──────── Supplied information ────────
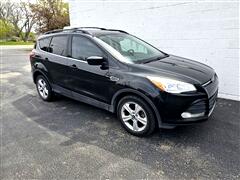 2013 Ford Escape  2013 Ford Escape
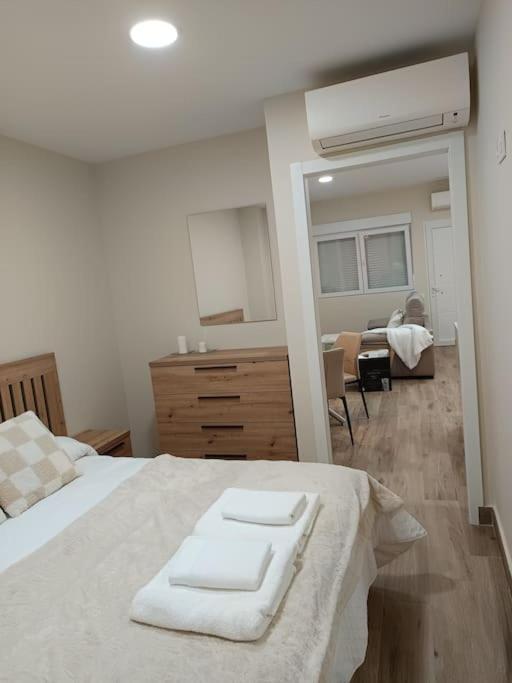 La Morada Apartment Саламанка Екстериор снимка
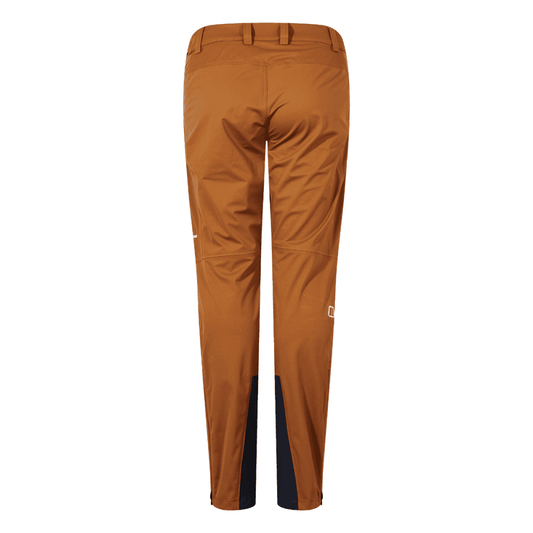4-A001863 Womens Ridge-Roamer 3L Wp Softshell Pant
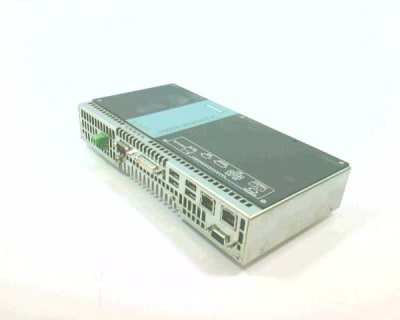 SIEMENS 6AG40-400A-E20-0AA0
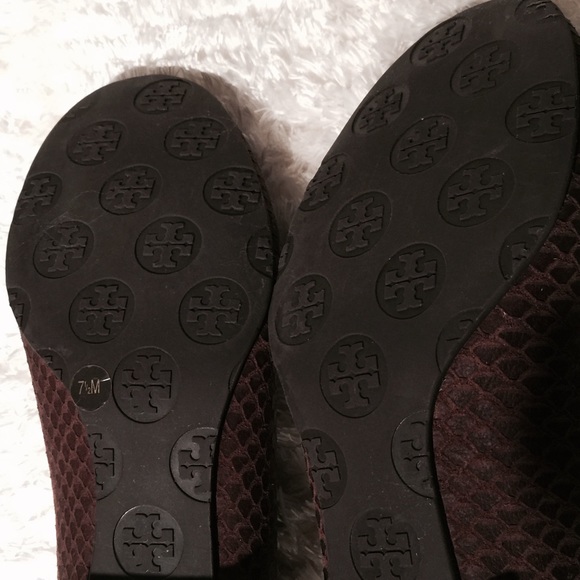 Georgia Pump: Women Tory burch Pumps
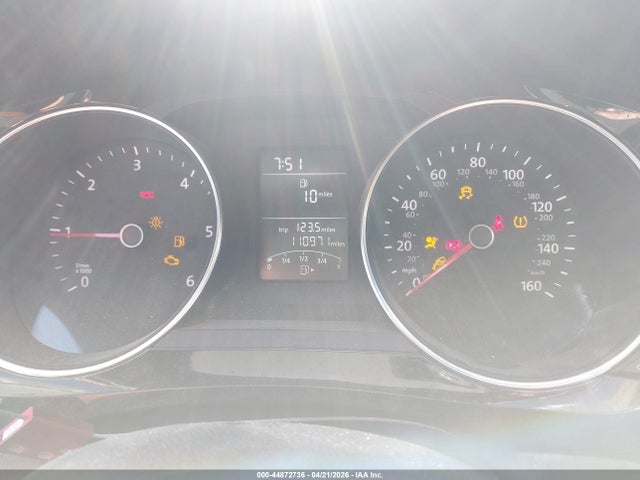 44872736 :رقم المزاد ، 3VW3A7AJ0FM275252 vin ، 2015 Volkswagen Jetta 2.0l Tdi Se مزاد بيع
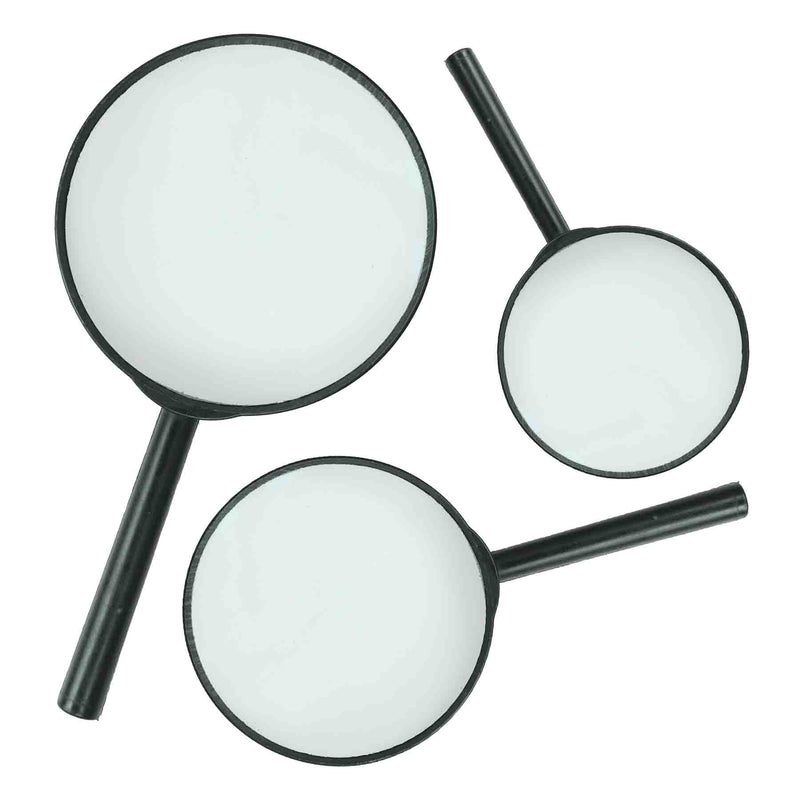 702174 - Magnifying Glass Assortment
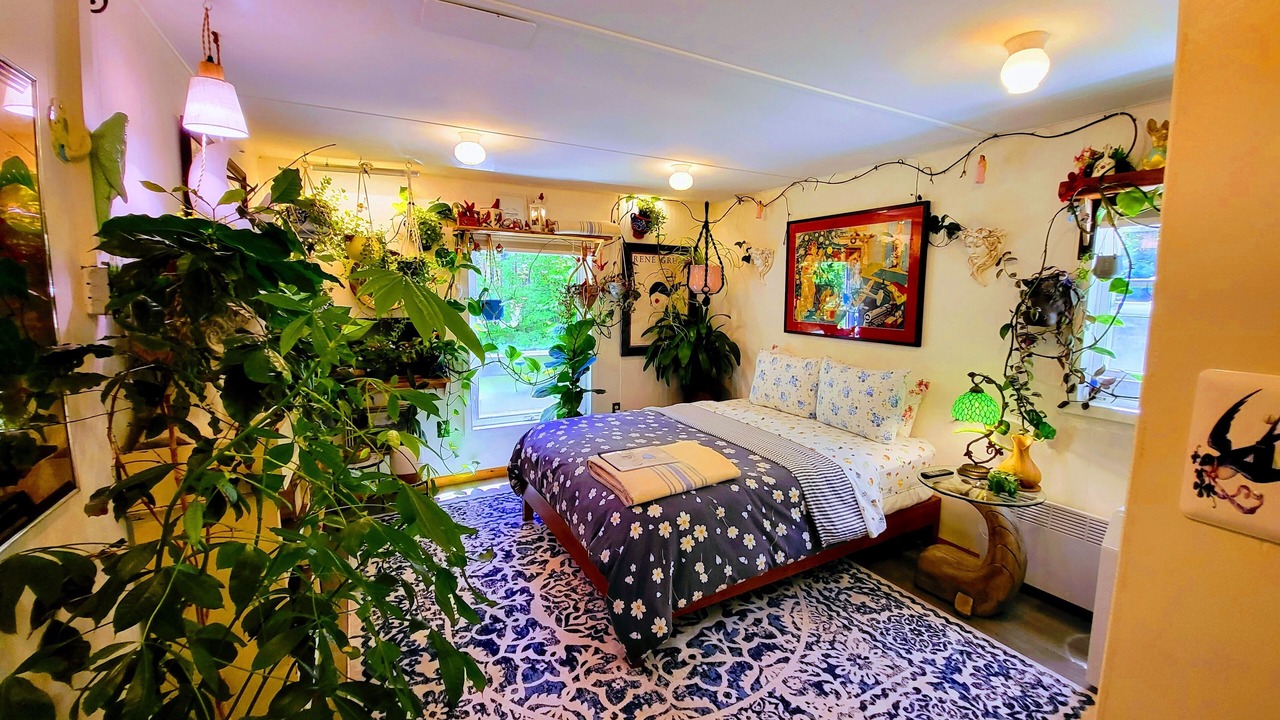 Photo of Bedroom in Belfast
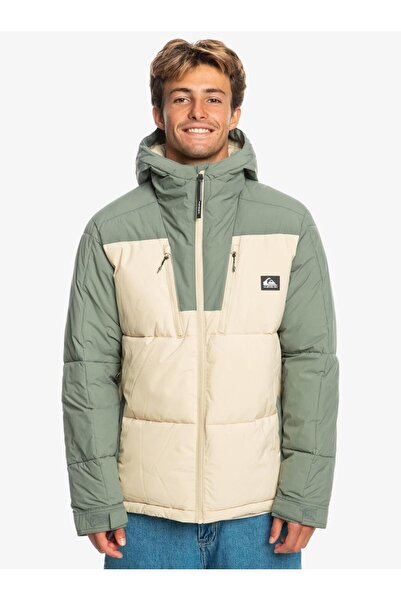 Quiksilver Nomad Jacket Erkek Mont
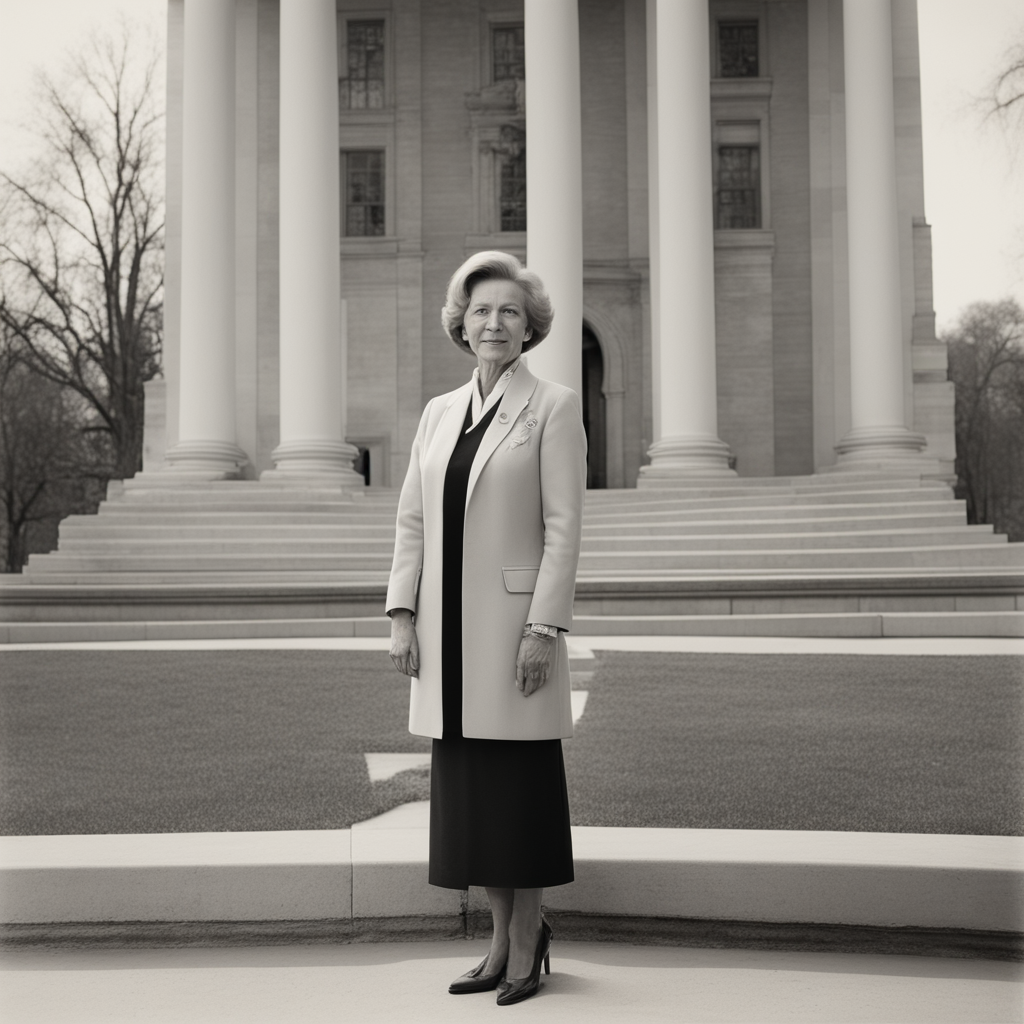 Barbara Boyd (Ohio politician)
────────
Nothing but the pictures is to be left out; repeat the data exactly.

 2013 Ford Escape  2013 Ford Escape
 La Morada Apartment Саламанка Екстериор снимка
4-A001863 Womens Ridge-Roamer 3L Wp Softshell Pant
 SIEMENS 6AG40-400A-E20-0AA0
 Georgia Pump: Women Tory burch Pumps
 44872736 :رقم المزاد ، 3VW3A7AJ0FM275252 vin ، 2015 Volkswagen Jetta 2.0l Tdi Se مزاد بيع
 702174 - Magnifying Glass Assortment
 Photo of Bedroom in Belfast
 Quiksilver Nomad Jacket Erkek Mont
 Barbara Boyd (Ohio politician)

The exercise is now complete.